Loş sade sarı bir lamba avizesiz tepede, kamera masayı ve iki insanın yüzünün yarısını çekiyor. 3-5 bitki sağ tarafta. Eski ahşap masanın üzerinde bir kül tablası ve yarısına kadar içilmeden yanmış bir sigara… Kayıt! Tok bir sesle konuşma başlasın.
-“Sonucu belli sürekli kendini tekrarlayan, göbeğini kaşıyıp şikayet eden, bir koltuğun üzerine kıvrılıp iyi bir film izlemeyi mutluluk sanan, doğru dürüst bir mesleği olmayan ve hepsinden öte bu kadar cehalete, kendini bi’şey sanan….böylemi olucaksın…(kamera hala tepede ses yükselir)

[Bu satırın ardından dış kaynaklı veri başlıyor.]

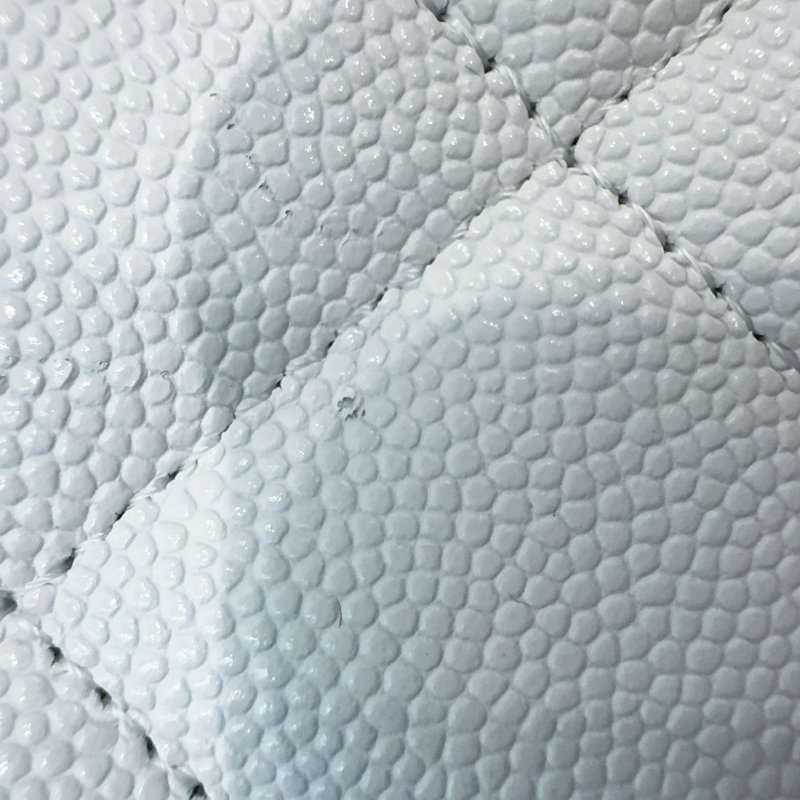 CHANEL白雪公主荔枝皮淡金釦JUMBO(晶片款)-29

“böylemi olucaksın oğlum” (parmakların masada tıkır tıkır sesi) sonra gülümseyerek kendini gösterir ve devam eder;
“her akşam işten eve geçip yüzümü temizleyip tıpkı gençlik dönemlerimdeki gibi klavyenin başına geçicem deyip, orta yaş bunalımında kaybolan, hatta kaybeden…. yerinde saymak deyiminin en yerlisi. Kendi namına ortaya koymayıp hazır yiyen ben. Sen değil tamda ben işte. Seni suçlamam yersiz. Tabiki bana benzeyeceksin. O ayyaş dayına çekecek degilsin ya…( sönmek üzere olan henüz hiç çırpılmamış sigaradan bir nefes)(kamera iç sesi alır sigaranın çıtır çıtır yanışı ve bitişi) biraz sonra
“Evlat dürüstlük denen şeyi bence bi düşün. Evet, başta biraz acı verir ama emin ol sonraları çok rahatlarsın. Bana dua edersin, bunu bi dene! Bu kız, yaptıklarını sence hakediyormu?” (bu sefer kafasını eğerek gözleri alttan alttan bakar vaziyette)
“Hı… Sana diyorum” eliyle kırlaşmış kirli sakallı yüzünü, yanaklarındaki teri siler.
“Hadi doldur. al hadiiiii….çekinme. Baba oğul gibi değilde iki arkadaş gibi konuşalım.” utanan çocuğun elinden şiseyi alır ve doldurur bardağı, bi dublede kendine sek koyar. Anlatı girer yine tok sesle (tramvay sesleri ile çocuk sesleri, vapur sesiyle martı sesleri birbirine karışmış vaziyette)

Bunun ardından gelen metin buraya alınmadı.